What is needed — Copy, pictures aside: the lines below from the one that holds "Genuine Pandora Rose" through the final line of the listing, both ends included, exactly as they are and nothing else.

Provided material —
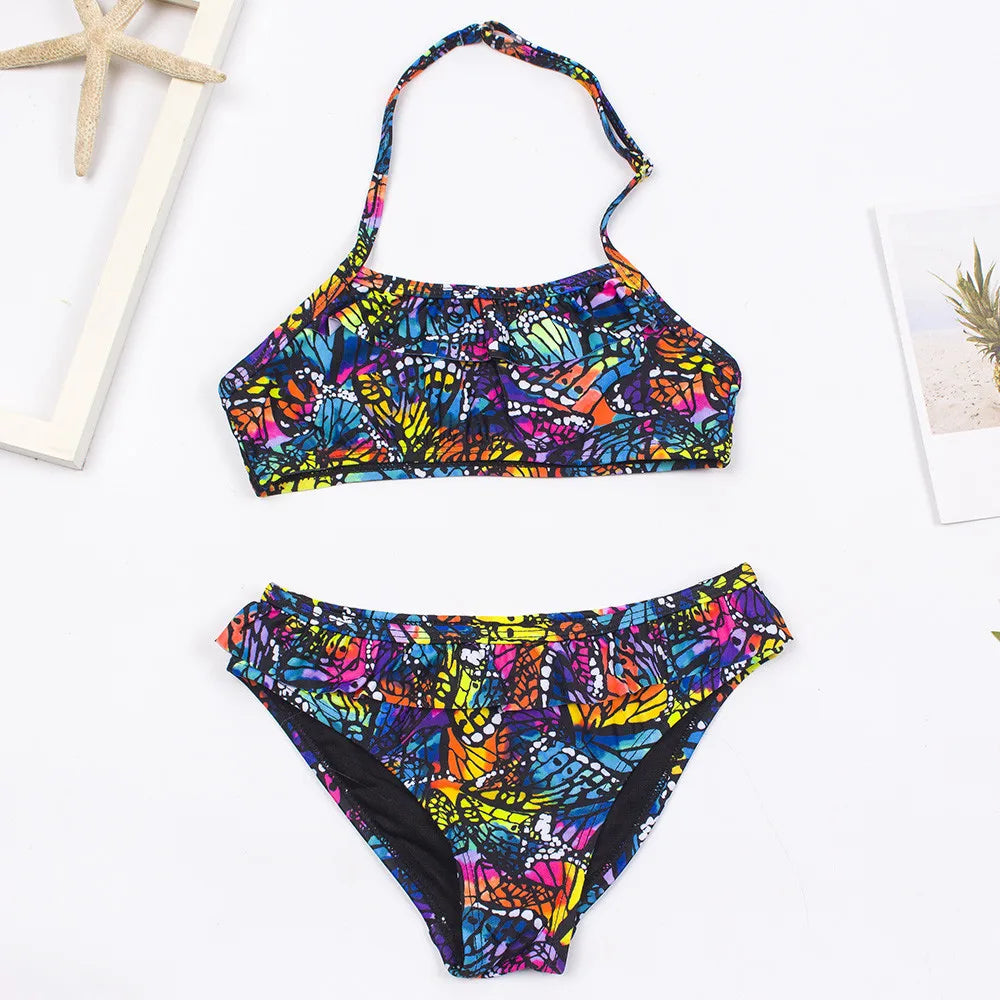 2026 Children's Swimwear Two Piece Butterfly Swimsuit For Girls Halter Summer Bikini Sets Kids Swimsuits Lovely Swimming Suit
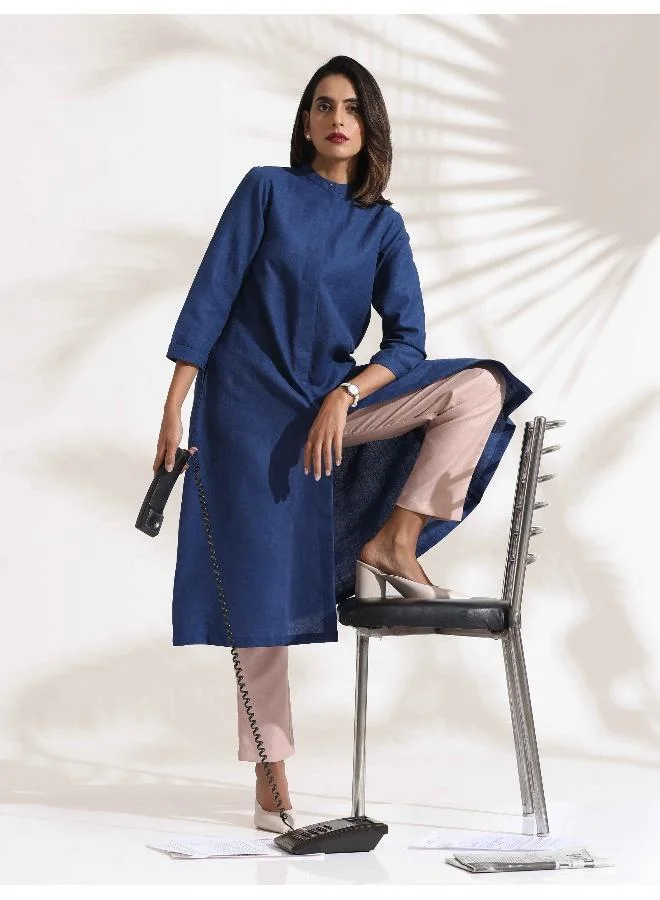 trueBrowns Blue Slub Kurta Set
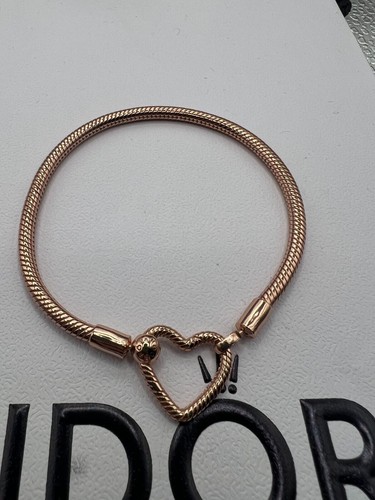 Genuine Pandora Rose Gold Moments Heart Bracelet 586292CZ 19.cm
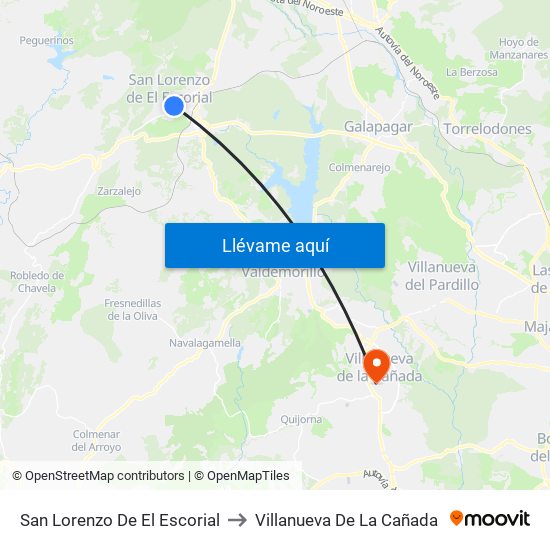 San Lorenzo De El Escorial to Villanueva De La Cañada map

Answer space —
 Genuine Pandora Rose Gold Moments Heart Bracelet 586292CZ 19.cm
 San Lorenzo De El Escorial to Villanueva De La Cañada map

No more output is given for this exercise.